I’m surprised it didn’t happen sooner. Xi Jinping and China have made no secret of the fact that they consider crypto and blockchain a top-five national priority for China in the next decade. They’ve publicly stated this, and they are developing their own version of cryptocurrency, a digital renminbi. We know that they plan to export this, to tie trade to it, to incentivize people around the world, not just in China, to use it.

Q: What happens if Bitcoin is shut down in China completely? Is that market for Bitcoin off the table?

A: The best analog for this is the Great Firewall of China, with the internet. Of course, this will be harder for China to just completely ban. They can do things like control on- and off-ramps, which they’ve done before. If you look back to that 2017 news, it actually shows the tremendous staying power of a decentralized, open system like Bitcoin.

Q: Peter Thiel has argued that China would love to see Bitcoin and other cryptocurrencies rise as a strategic effort to destabilize the U.S. dollar. Do you agree?

A: I don’t agree with that. I think China would like to keep control over its version of a digital yuan. And I think that they are developing what is effectively a closed permission system. Fundamentally they want control and surveillance over everything.

I do agree that they would very much like to see the U.S. dollar upset as the global reserve currency. I just disagree in the way in which they would go about doing it. It’s far more likely we would see them export their version, by tying incentives to their digital currency to get individuals around the world to use it.

Q: Back here in the U.S., do you think crypto will be regulated?

A: There’s this myth that crypto founders want the Wild West. They’re really kind of desperate for regulators to say what the rules are. It takes so much time, money and resources — specialty resources — to figure out how to navigate the morass of agencies ranging from the CFTC to Treasury, let alone the regulators in 50 different states.

SEC Commissioner Hester Peirce has called for a regulatory sandbox, but I’m not sure that goes far enough because it only solves issues for projects that are clearly securities. What I would like to see is at a federal level in the U.S., a regulatory sandbox that has federal preemption. And in order to do that, you need legislation.

Q: How would that work?

A: It would allow projects to launch with some rules, but it would provide an important test ground to see how they behave in the wild. And at the same time, it would serve a really important function to regulators and to people in the government by helping to train them on these new technologies. There is really no easy way to keep up. I’m full time in the industry with experts all around, and I can’t keep up with the pace of this technology that’s changing so fast.
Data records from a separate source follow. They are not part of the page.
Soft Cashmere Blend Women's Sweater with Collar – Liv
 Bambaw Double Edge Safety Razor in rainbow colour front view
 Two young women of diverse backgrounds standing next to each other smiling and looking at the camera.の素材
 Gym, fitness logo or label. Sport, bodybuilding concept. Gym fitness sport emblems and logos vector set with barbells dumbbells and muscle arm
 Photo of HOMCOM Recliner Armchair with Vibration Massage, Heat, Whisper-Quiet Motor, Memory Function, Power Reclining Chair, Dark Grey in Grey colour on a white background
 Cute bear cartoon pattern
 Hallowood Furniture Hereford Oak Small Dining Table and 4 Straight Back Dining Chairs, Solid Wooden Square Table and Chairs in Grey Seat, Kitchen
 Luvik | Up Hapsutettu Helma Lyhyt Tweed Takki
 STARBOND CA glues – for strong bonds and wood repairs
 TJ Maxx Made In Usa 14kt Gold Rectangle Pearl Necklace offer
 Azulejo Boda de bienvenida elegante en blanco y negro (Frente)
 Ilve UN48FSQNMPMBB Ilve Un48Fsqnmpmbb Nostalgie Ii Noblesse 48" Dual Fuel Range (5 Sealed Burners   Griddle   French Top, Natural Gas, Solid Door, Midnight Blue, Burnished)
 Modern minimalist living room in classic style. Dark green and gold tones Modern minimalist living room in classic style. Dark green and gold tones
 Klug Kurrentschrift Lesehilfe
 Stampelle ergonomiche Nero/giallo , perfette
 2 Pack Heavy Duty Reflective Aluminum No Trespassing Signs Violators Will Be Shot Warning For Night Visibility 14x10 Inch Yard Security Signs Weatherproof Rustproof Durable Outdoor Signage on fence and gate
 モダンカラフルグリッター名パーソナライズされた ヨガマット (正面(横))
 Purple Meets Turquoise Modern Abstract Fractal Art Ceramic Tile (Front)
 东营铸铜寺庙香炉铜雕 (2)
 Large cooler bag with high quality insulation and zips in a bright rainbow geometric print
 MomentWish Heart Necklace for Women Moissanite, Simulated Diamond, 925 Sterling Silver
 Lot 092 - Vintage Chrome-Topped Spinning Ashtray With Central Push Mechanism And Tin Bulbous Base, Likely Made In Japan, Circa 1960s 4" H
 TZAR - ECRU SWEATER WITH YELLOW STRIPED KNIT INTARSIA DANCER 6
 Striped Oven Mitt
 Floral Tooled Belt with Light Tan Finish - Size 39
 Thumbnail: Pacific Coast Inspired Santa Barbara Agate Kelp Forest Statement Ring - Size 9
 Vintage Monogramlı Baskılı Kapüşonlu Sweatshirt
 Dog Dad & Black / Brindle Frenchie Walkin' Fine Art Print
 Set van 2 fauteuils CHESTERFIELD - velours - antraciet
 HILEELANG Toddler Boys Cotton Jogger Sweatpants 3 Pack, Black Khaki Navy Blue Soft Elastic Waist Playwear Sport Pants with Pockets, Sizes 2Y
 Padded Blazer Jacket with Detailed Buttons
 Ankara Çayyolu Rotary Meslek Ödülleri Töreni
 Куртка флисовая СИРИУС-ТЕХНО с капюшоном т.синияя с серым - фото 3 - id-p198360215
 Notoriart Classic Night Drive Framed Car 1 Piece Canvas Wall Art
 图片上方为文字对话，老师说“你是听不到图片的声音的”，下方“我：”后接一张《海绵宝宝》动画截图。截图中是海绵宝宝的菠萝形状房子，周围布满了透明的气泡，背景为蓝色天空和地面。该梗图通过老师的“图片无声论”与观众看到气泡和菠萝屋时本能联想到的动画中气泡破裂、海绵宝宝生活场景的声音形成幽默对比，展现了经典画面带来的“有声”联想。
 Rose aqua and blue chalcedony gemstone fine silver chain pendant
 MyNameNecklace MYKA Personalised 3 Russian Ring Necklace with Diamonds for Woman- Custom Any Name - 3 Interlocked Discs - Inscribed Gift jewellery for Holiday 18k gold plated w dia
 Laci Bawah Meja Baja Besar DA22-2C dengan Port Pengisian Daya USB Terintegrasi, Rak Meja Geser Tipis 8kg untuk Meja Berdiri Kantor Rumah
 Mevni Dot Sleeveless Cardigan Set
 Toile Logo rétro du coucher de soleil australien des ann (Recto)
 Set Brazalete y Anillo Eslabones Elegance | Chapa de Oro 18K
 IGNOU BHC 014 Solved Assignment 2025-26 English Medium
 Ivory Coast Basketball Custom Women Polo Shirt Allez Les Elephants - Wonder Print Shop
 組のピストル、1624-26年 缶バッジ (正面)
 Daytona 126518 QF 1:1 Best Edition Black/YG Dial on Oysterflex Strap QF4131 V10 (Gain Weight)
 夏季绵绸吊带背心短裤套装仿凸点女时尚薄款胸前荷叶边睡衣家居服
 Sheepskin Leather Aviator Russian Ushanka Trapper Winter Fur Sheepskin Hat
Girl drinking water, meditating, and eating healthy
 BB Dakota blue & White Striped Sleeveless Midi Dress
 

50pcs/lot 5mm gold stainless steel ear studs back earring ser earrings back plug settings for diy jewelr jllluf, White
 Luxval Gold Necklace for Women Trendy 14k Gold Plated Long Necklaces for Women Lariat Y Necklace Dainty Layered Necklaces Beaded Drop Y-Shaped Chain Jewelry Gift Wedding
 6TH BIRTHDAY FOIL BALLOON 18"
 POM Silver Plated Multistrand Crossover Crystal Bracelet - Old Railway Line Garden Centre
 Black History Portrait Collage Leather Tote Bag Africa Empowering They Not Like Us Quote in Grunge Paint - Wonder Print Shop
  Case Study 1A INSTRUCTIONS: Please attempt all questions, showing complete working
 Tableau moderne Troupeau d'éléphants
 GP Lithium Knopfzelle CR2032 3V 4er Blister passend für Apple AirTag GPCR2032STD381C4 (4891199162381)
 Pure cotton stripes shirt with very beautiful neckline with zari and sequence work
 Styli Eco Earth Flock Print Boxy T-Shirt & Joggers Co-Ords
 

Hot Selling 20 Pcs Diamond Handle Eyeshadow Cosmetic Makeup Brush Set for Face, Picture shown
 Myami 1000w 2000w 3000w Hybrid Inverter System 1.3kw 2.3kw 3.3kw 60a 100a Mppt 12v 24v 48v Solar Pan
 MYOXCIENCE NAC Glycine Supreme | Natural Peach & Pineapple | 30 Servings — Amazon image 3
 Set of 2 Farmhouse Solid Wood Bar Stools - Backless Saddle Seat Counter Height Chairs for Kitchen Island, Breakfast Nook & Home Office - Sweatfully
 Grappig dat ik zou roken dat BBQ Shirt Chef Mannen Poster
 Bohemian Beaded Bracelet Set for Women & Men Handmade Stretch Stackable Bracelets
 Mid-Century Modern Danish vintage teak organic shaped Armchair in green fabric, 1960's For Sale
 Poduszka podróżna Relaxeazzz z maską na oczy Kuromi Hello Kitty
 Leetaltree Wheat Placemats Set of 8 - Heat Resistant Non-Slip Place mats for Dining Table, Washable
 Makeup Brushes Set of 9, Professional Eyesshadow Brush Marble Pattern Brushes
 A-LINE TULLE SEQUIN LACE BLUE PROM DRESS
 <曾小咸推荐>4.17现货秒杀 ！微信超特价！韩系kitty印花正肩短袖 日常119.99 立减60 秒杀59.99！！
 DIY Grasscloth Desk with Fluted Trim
Q: But how do you protect consumers? The broader public is clearly not being sandboxed or protected while this is taking place.

A: Consumer protection is really important. However, people want access to these products and services. And just saying, well, we’re not going to allow them in the U.S. is not the answer because anyone today with an internet connection and a VPN can pretty easily go access products and services that are offered in other countries. It’s incredibly hard, if not almost impossible, for the U.S. to police what’s happening overseas on offshore platforms.

Q: As a former prosecutor, how do you think about crypto being used in so many ransomware attacks like the one on Colonial Pipeline? Why do criminals love Bitcoin so much?

A: Criminals are early adopters, and in some ways they make great beta testers for new technology. They’re always looking for a way around the system. Frankly, law enforcement officials actually really like when payment is made in Bitcoin as opposed to fiat. I think it’s funny because as a former prosecutor, I take this for granted.

There’s a real false sense of security where wires are used or traditional financial services are used. People think, “Oh, we know everything about that. So we’ll just go subpoena.

The bank will give us these records and we’ll just go get the money.” That is just so far from the reality of the situation.

Q: So you don’t believe that these ransomware attacks are a function of crypto?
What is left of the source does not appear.